Some market trends continue to take center stage over others as 2024 continues. We’ll see an uptick in fraud and theft as well as increased effects of nearshing on the Southern border. Industry experts need to stay knowledgeable in order to make well-informed decisions in advance of the new year. 

Nearshoring is moving some manufacturing into Mexico versus the Pacific region, and that is changing the way products flow into the U.S. in a great way. I don’t see that being reversed. We’ll continue to see more companies go into nearshoring. In Laredo, Texas, specifically, volume is up roughly 45% from a year and a half ago and capacity is being shifted to the border to meet demand. It’s important for shippers to have inbound capacity so you can properly source the outbound capacity that’s needed to import those goods. That is a challenge and the industry will have an adjustment period before settling in. 

However, the main trend that I want to focus on as we continue into 2024 is fraud and cargo theft in our industry.

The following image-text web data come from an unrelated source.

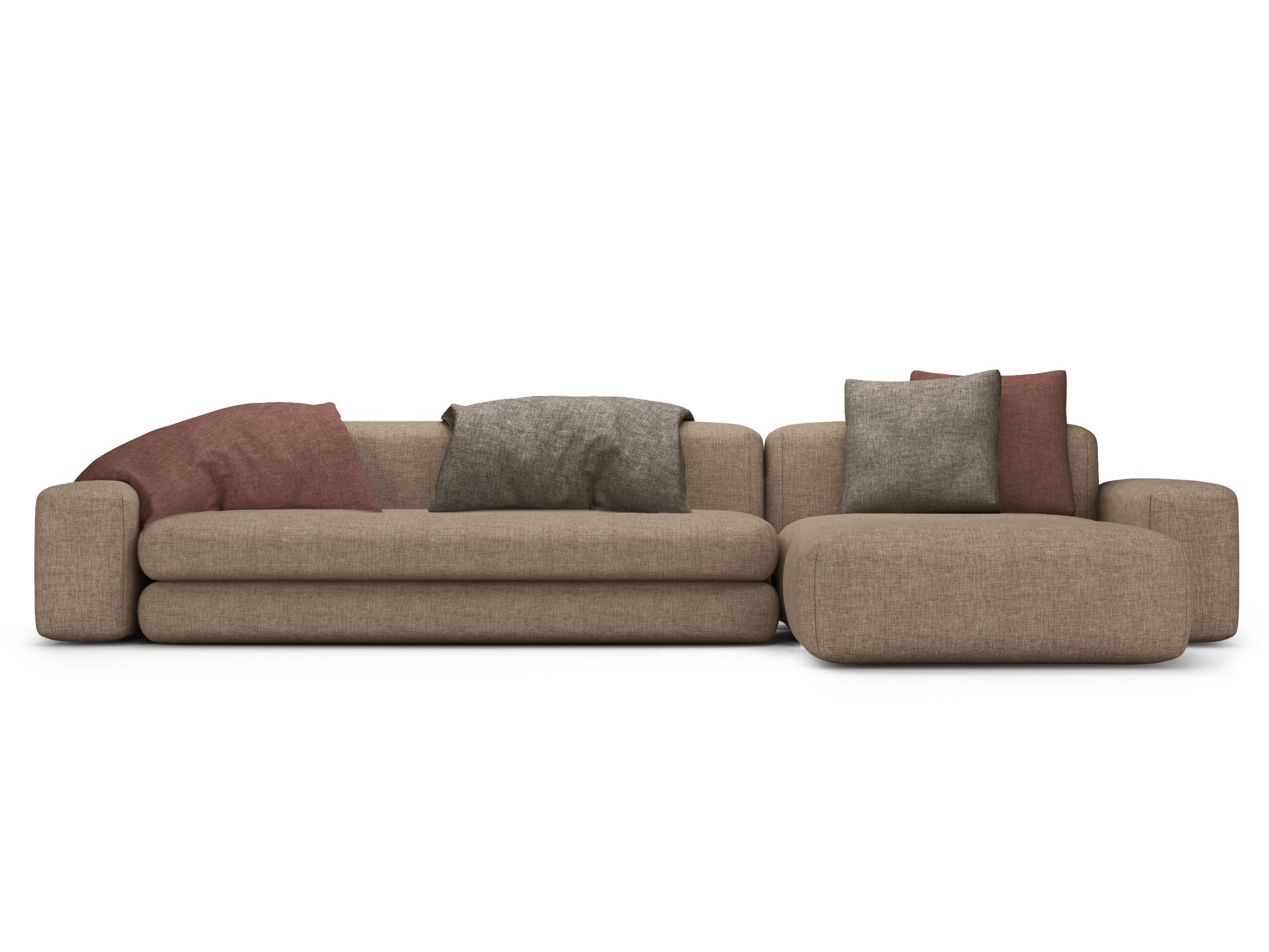 Тканевый диван с полуостровом HANNABI MODEL NO.03 HYBRID SAND ARCH-00133598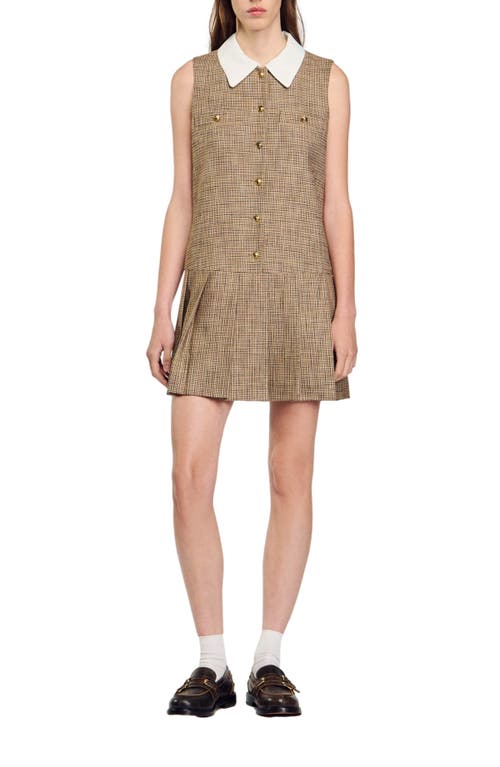 Shop Sandro Short Micro Houndstooth Dress In Brown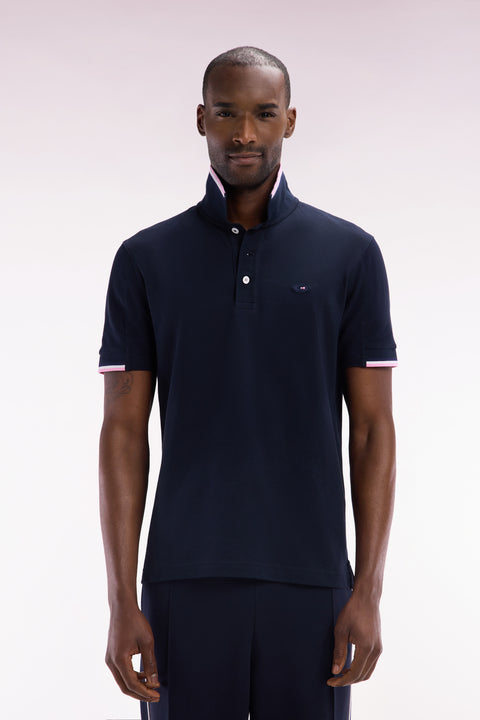 Straight-cut short-sleeved polo shirt in navy cotton with two-tone ribbed edges - Image 1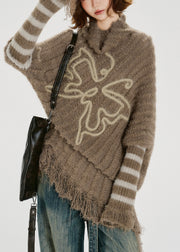 Unique Khaki Turtle Neck Tasseled Knitted Tops Batwing Sleeve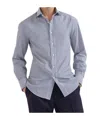 Brunello Cucinelli Striped Cotton Shirt With Button-down Collar In Gray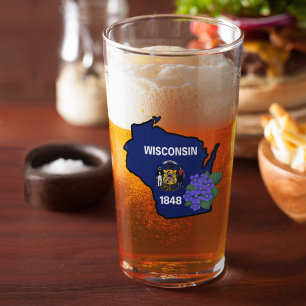 Copo De Pint Sinalizador Wisconsin e Flor Azul Violeta Nome Per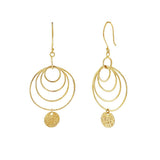 JT ESTATE 14K Yellow Gold Concentric Circle Dangle Earrings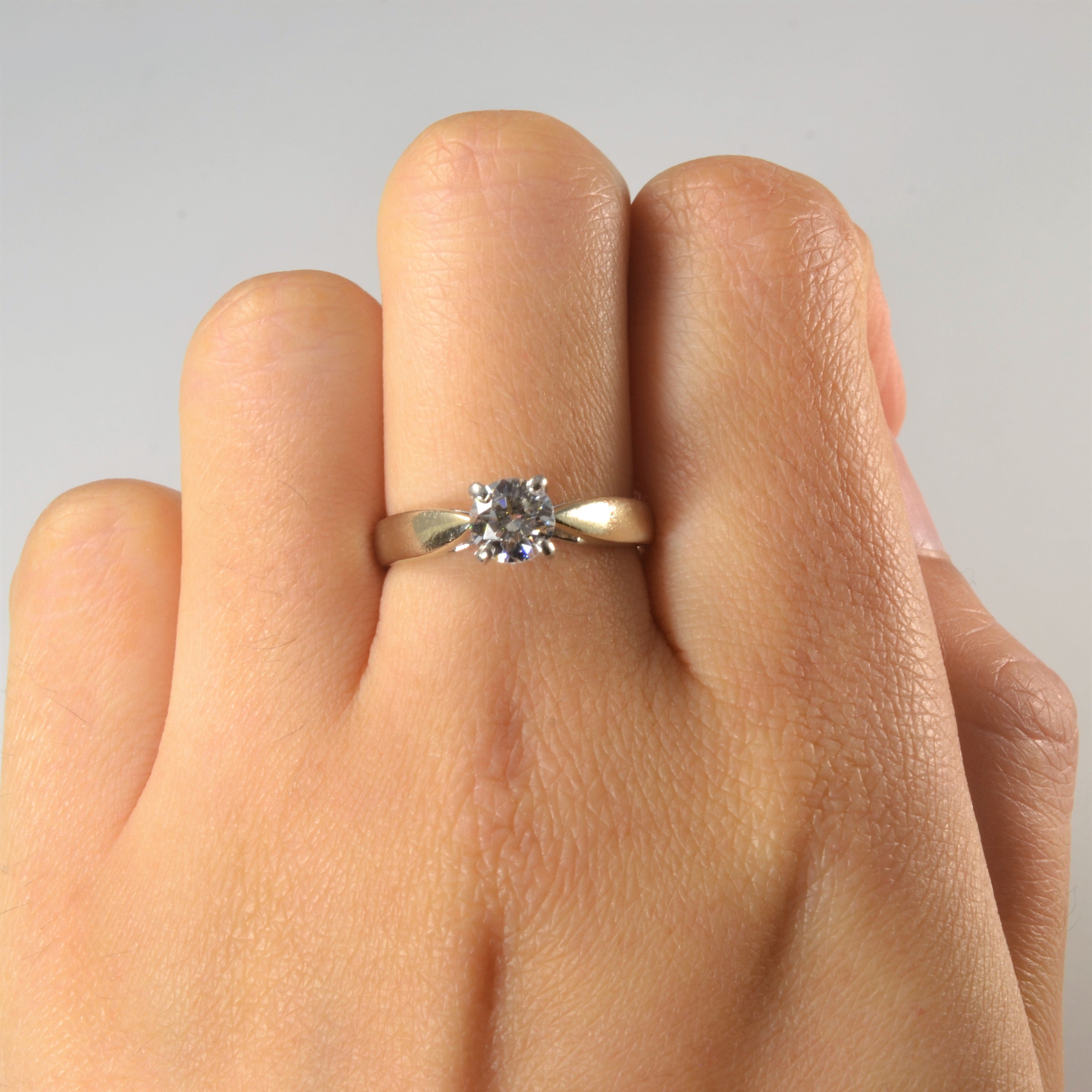 Tapered Solitaire Diamond Engagement Ring | 0.71ct | SZ 7 |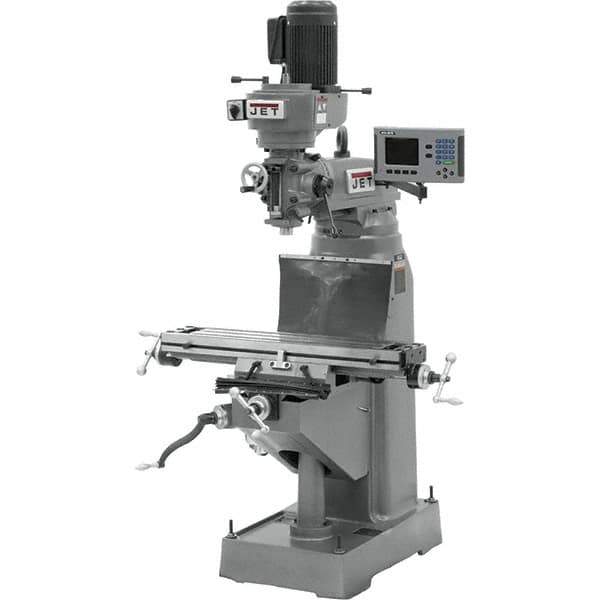 Jet - 7-7/8" Table Width x 35-3/4" Table Length, Variable Speed Pulley Control, 3 Phase Knee Milling Machine - R8 Spindle Taper, 1-1/2 hp - All Tool & Supply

We’ve all recently heard about numerous fraud and cargo theft stories. We are looking into roughly 50-55% minimum increase of fraud from Q2 2022 to Q2 2023. And, in some lanes, activity is up well into a 200% fraud increase. 

What we’re seeing today seems to be a very sophisticated approach to fraudulent activity that is probably not U.S.-based. Not only does recent fraudulent activity in the industry include spoofing and tracking software, but also setting up fake domains for small and large carriers as well as fake domains for a third-party logistics company (3PL). Industry crimes are getting more and more complicated. Criminals create fake domains for email purposes that look almost identical to an actual 3PL’s domain and companies who do not take a second look will miss the small details and potentially fall victim to such crimes.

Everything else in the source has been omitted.